Rotary joints, also known as rotary unions, rotary swivels, or rotary couplings, are mechanical devices used to transfer fluid from a stationary pipe to a piece of rotating equipment. They are used in rotary equipment to cool, heat or transfer fluid power in the form of steam, heat transfer oil, coolants, hot water, hydraulic fluids, lubricating oils, or air. The rotating equipment can be heat exchanger rolls, machine tool spindles, gear boxes, and air clutches.
Rotary joint assemblies contain stationary housing which support a shaft made up of bearings, allowing the shaft to rotate freely within the housing. Spring-loaded mechanical seals are used to seal the fluid within the housing. The mechanical seal faces are selected based on the fluid being transferred, and often the seal faces are made of carbon/graphite material. The self-lubricating carbon/graphite seal rings for rotary joints often have concave or convex sealing faces to accommodate misalignment resulting angular oscillation, or vibration. Excellent mechanical strength and wear resistance make Metcar material ideally suited for these applications.
Our self-lubricating, carbon/graphite piston rings and guide rings are used when there is a need for compressed gases that do not contain oil or grease. In a reciprocating compressor, oil-free gases such as air, steam, refrigerants, hydrogen, hydrocarbons, chlorine, nitrogen and oxygen can be compressed to pressures of over 800 psi.

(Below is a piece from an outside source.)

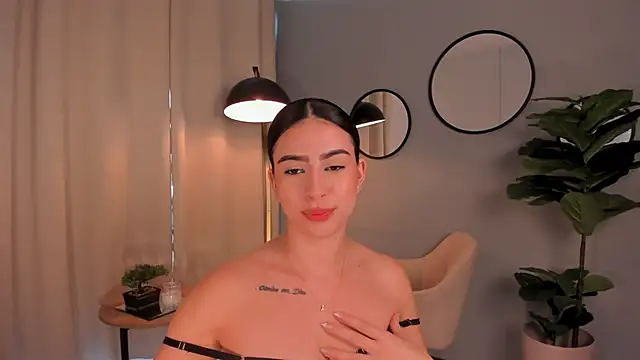 LiaPearce online show from 13, 1, 2025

Segmented Metcar carbon/graphite rings with overlapped joints are placed in a radial groove in the reciprocating piston with little clearance between the width of the groove and the width of the piston ring. A metal leaf spring expander ring in the ID of the segmented piston ring is used to exert outward force to hold the piston ring OD against the cylinder bore. Wear life up to 10,000 hours is possible when the compressor and piston rings are correctly designed.
Carbon/graphite piston rings are usually used in conjunction with carbon/graphite guide rings or carrier rings. The function of the piston rings is to seal the high-pressure gas, and the function of the guide rings is to hold the piston centered with respect of the cylinder bore. Therefore, the guide ring must be in close contact with the piston and the housing bore. Guide rings can be either solid rings or segmented rings with butt joints.

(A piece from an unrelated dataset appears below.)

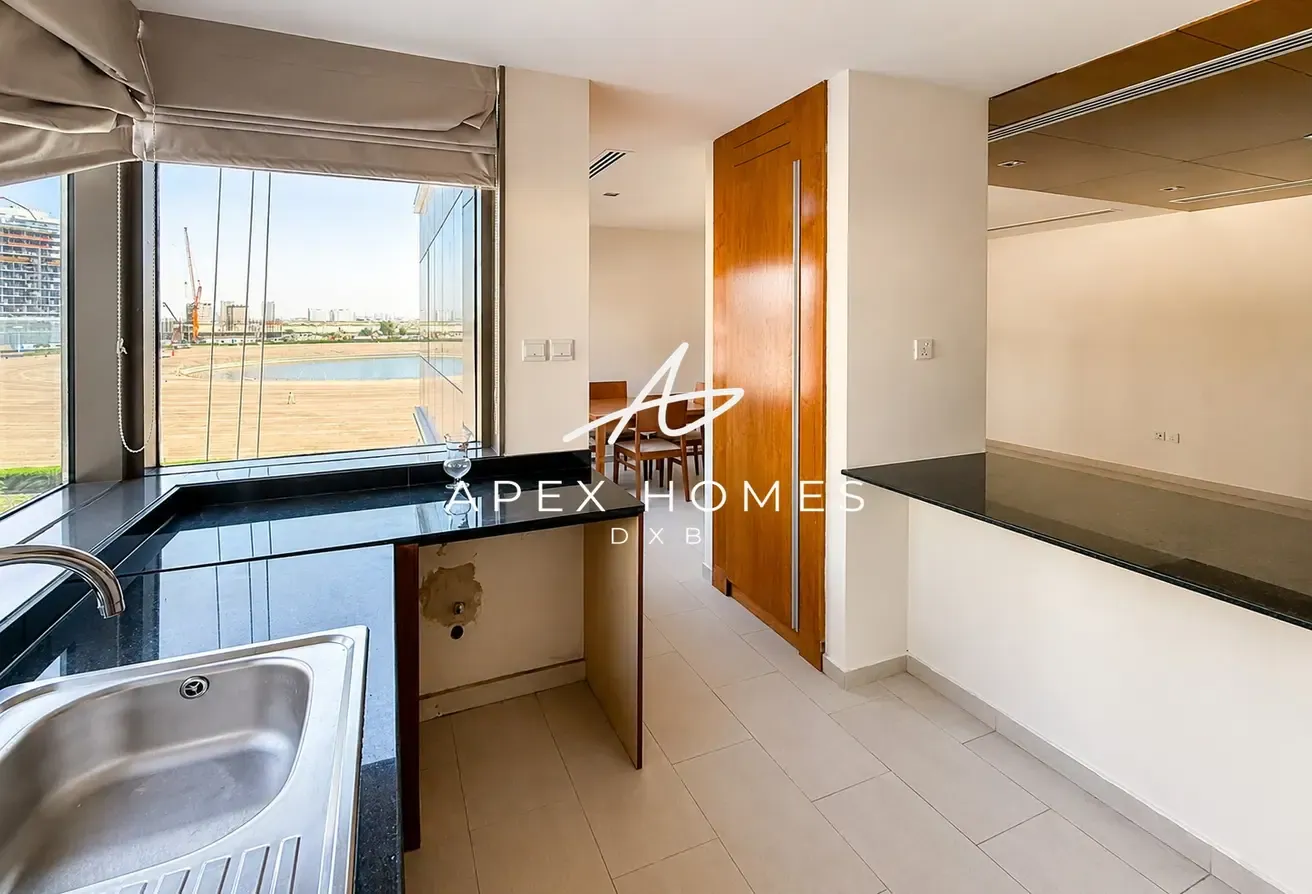 Vacant Oct | Spacious Unit | Corner Unit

Carbon/graphite gathering shoes are used to guide and gather together individual glass filaments to form bundles of filaments called fiberglass strands. Glass filaments are formed by pulling molten glass through small holes in a metal plate. The molten glass filament is about 0.0002 to 0.0014 inches in diameter. About 100 to 1500 filaments traveling at about 25 to 200 miles/hr are gathered together to form one strand. The strand is then wound onto large spools or it is pulled into a chopper that produces short lengths of strand called “chopped fiberglass.”
Several Metcar grades are used for the manufacturer of fiberglass gathering shoes, pad wheels and wobble wheels. To be suitable for these applications, materials must be low in friction to prevent breakage of the filament when pulling or guiding it through the process. Materials that do not provide sufficient lubrication degrade, fray, and even break the filament. Metcar self-lubricating carbon/graphite materials are particularly suited for this application because of their excellent lubricating qualities and good resistance to wear.